The Chinese team was initially disqualified after shooter Zhang Binbin was found to have violated regulations concerning maximum weight limits of her rifle. The disqualification was eventually reversed after a strong appeal by Chinese officials arguing that Zhang "didn't intend to break the rule". This allowed China to retain their team gold and a new world record. This led to a series of allegations that members of jury favoured Zhang.

===Badminton===

In badminton, Chinese coach Li Yongbo accused the hosts of manipulating the wind in the stadium, after China was defeated by South Korea in the final of the men's team event. Yongbo said, "We did not lose because of technique or tactics, but due to some man-made reasons. The South Koreans deliberately controlled the wind blow in the stadium and took advantage of it." Japanese coach Keita Masuda also alleged a similar case saying, "The wind in this stadium is very strange, always supporting the hosts. Every time we change sides, the wind seems to change sides as well." Thailand's Ratchanok Intanon, a former world champion, also went on to blame the "strangely strong winds" for her defeat in the quarterfinals of the women's singles event against a South Korean opponent.

===Boxing officiating===
Indian lightweight boxer Laishram Sarita Devi lost a highly controversial 60 kg semi-final bout against eventual silver medalist Park Jina of South Korea. Despite what many believed was a better performance by Sarita Devi, all three ringside judges ruled in favor of her opponent, leading to a 0–3 decision. The ringside judges were Braham Mohamad of Tunisia, Albino Foti of Italy, and Mariusz Josef Gorny of Poland. The decision, which drew huge criticism, left Sarita Devi in a state of shock and she was seen weeping inconsolably. Indian Olympic Association (IOA) office-bearers chose not to involve themselves with the situation, leaving Sarita Devi and her husband Thoiba Singh to lodge the protests by themselves. They were unable to pay the USD$500 fee to lodge an official protest against AIBA until Sarita's coach Lenin Meitei and an Indian journalist paid the amount on their behalf. Sarita Devi stunned officials and spectators by refusing to accept the bronze medal during the medal ceremony. Devi initially took her bronze medal and placed it around Park Jina's neck. After reluctantly receiving her medal back from Park Jina, Devi left the medal on the podium after the conclusion of the ceremony. In interviews following the incident, Sarita Devi stated, "It was a protest for all the sportsmen and women of the world against injustice in sport". She also criticized Indian officials by stating, "It has been 24 hours and not one official has come to speak with me and ask me if I am fine. They just come here to take photos with medalists and nothing else." AIBA opened disciplinary proceedings against Sarita for returning her medal and Adille Sumariwalla, the head of the Indian Mission, criticized Sarita Devi for her behavior. The following day, Sarita Devi offered an unconditional apology to AIBA for her emotional outbreak during the medal ceremony. She also expressed regret for her actions at the Olympic Council of Asia (OCA) hearing and the governing body reinstated Sarita Devi's bronze medal.

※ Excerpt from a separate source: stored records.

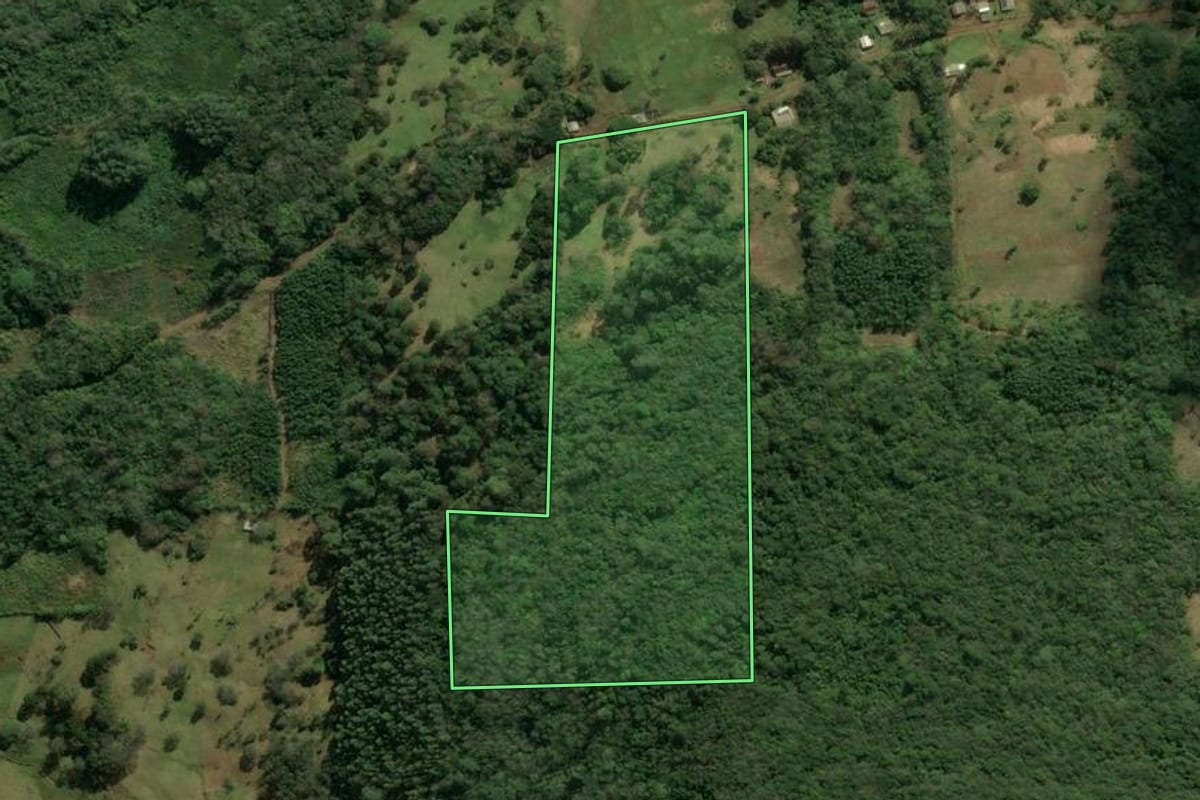 Imagem de satélite do imóvel rural em São Francisco de Paula (RS), com o contorno declarado no CAR desenhado por cima.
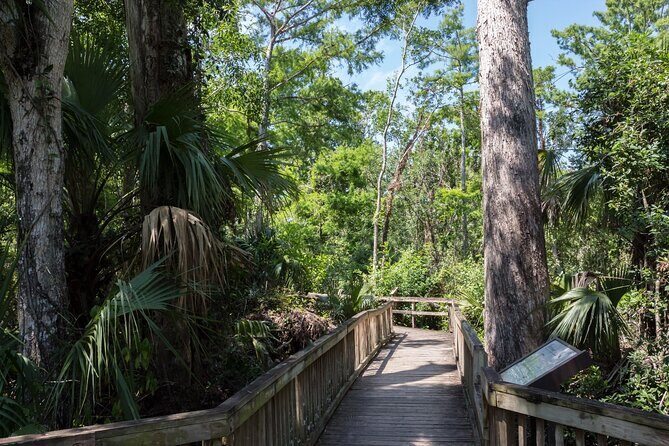 Big Cypress National Preserve Self Guided Driving Audio Tour - An In-Depth Look at the Tour Experience
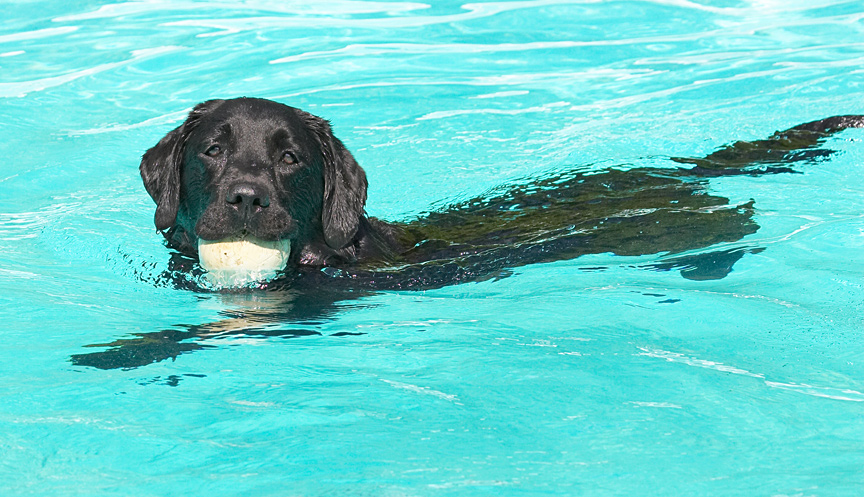 Now I'm in control of the ball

Shortly after Sarita Devi's controversial loss, Mongolian boxer Nyambayaryn Tögstsogt lost a controversial bout against South Korean Ham Sang-myeong in the 56 kg category. Nyambayar stayed in the ring for 5 minutes, protesting the results. The referees were booed by the crowd, and several Mongolian coaches arranged for a protest to be held.

In women's 57 kg, Thai boxer Sopida Satumrum lost a highly contentious decision to China's Si Haijuan. Two of the three judges scored a 38–38 draw while the third judge ruled 39–37 in favor of the Thai. Under AIBA guidelines, the bout was declared a draw and the decision was deferred to a panel of five judges, which requires a majority decision. The five judges declared Si the winner of the bout. Satumrum burst into tears after the result was announced and stated, "this is very cruel to me because I did much better than my opponent. I am 100% sure that I won." Thai officials filed an official protest but organizers dismissed it saying the decision is beyond contention.

===Men's football===
Worawi Makudi, the president of Football Association of Thailand, criticized the referees for making mistakes during the semi-final match between South Korea and Thailand. Coach Kiatisuk Senamuang voiced displeasure about the penalty kick awarded to South Korea following a foul outside the penalty area, which directly led to its second goal at the 45+1' minute mark. Controversy continued as a South Korean defender used his arm to block the movement of the ball twice inside South Korea's penalty area. No call was not made on the handballs. South Korea won the match 2–0. Makudi stated that he would take the matter to the Asian Football Confederation but no official protest was lodged as of 4 October, the conclusion of the Games.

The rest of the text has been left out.